**AIM OF THE TASK:** Retype the lines from the first one in the records down to the line containing "Shale | Tile Center", counting both, and leave out any pictures.

── SUPPLIED RECORDS

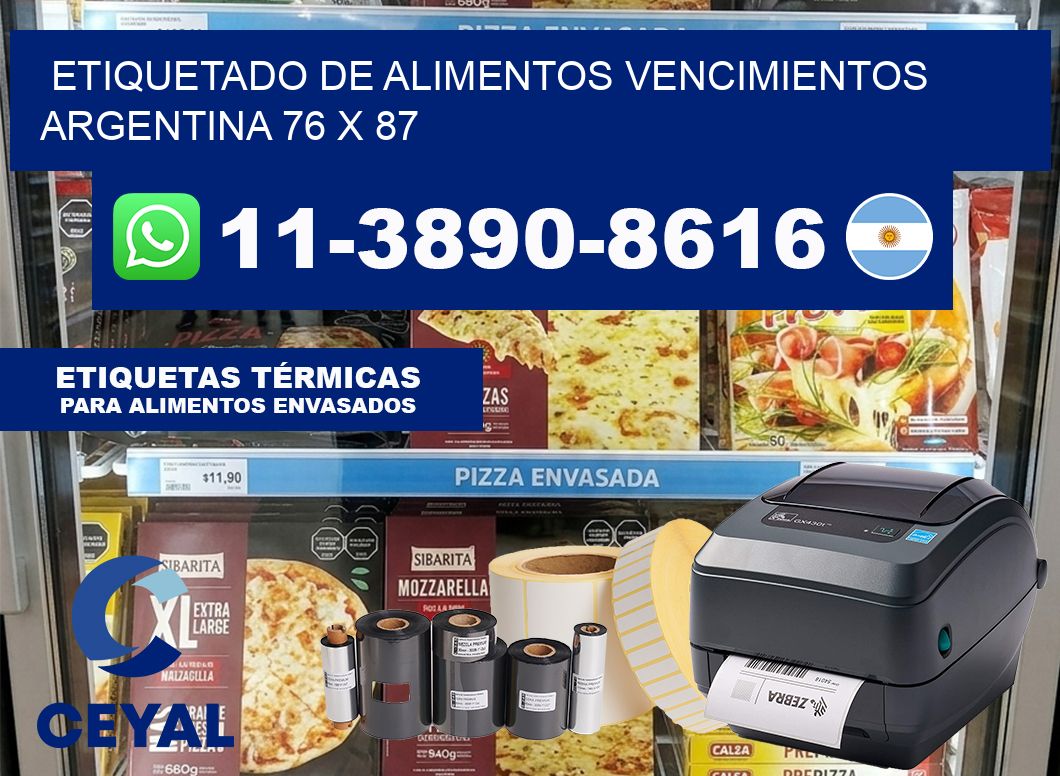 Etiquetado de alimentos vencimientos Argentina 76 x 87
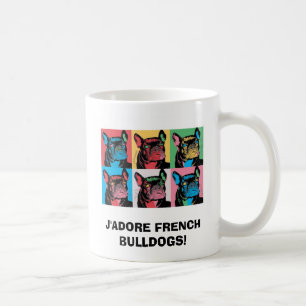 J'ADORE FRANZÖSISCHE BULLDOGGEN! KAFFEETASSE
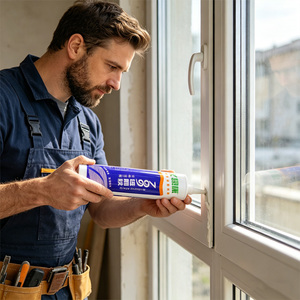 Scellant en silicone neutre résistant aux UV, imperméable, pour cuisine, salle <span class=keywords><strong>de</strong></span> bain, fenêtres et portes, mastic extérieur et intérieur résistant aux intempéries - Product Image 6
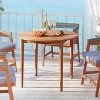 MOEPISY 36 inch Acacia Wood Round Outdoor Dining Table for 4 People - 2 of 4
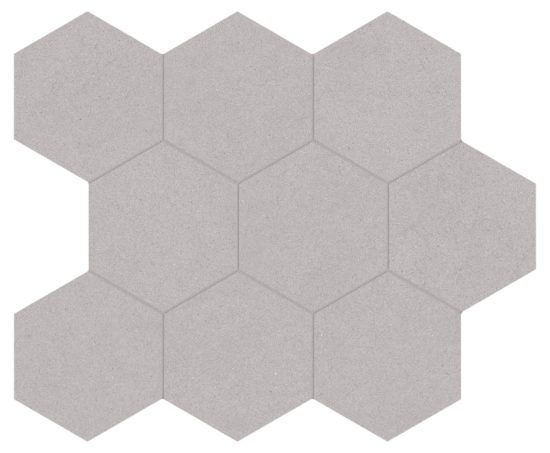 Serena 4" Hex Shale | Tile Center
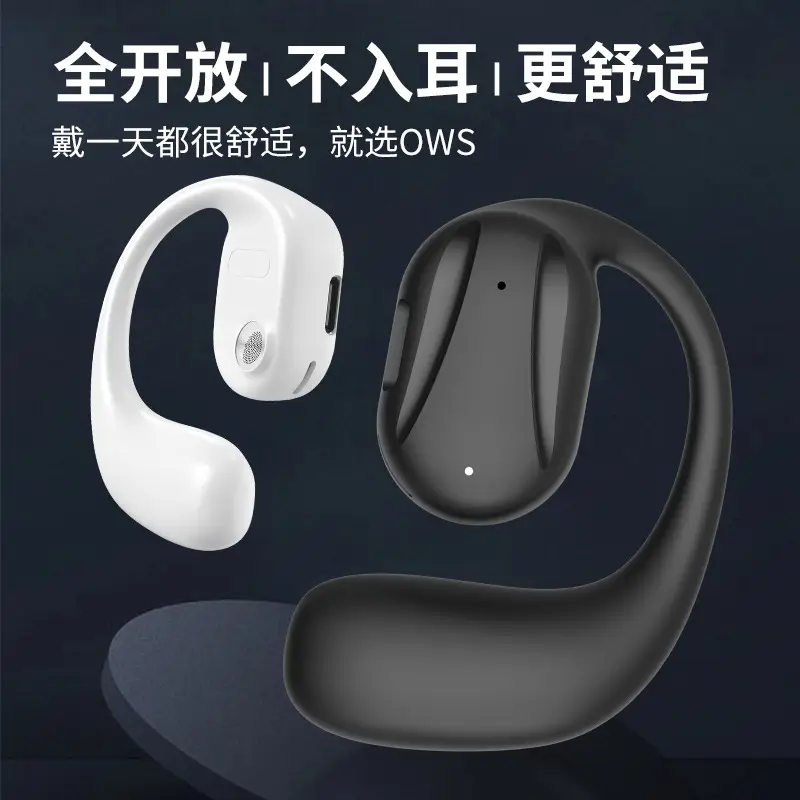Bluetooth Earphone with Bone Conduction & Open OWS Design - Image 8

────

**EXERCISE SOLUTION:**
 Etiquetado de alimentos vencimientos Argentina 76 x 87
 J'ADORE FRANZÖSISCHE BULLDOGGEN! KAFFEETASSE
 Scellant en silicone neutre résistant aux UV, imperméable, pour cuisine, salle <span class=keywords><strong>de</strong></span> bain, fenêtres et portes, mastic extérieur et intérieur résistant aux intempéries - Product Image 6
 MOEPISY 36 inch Acacia Wood Round Outdoor Dining Table for 4 People - 2 of 4
 Serena 4" Hex Shale | Tile Center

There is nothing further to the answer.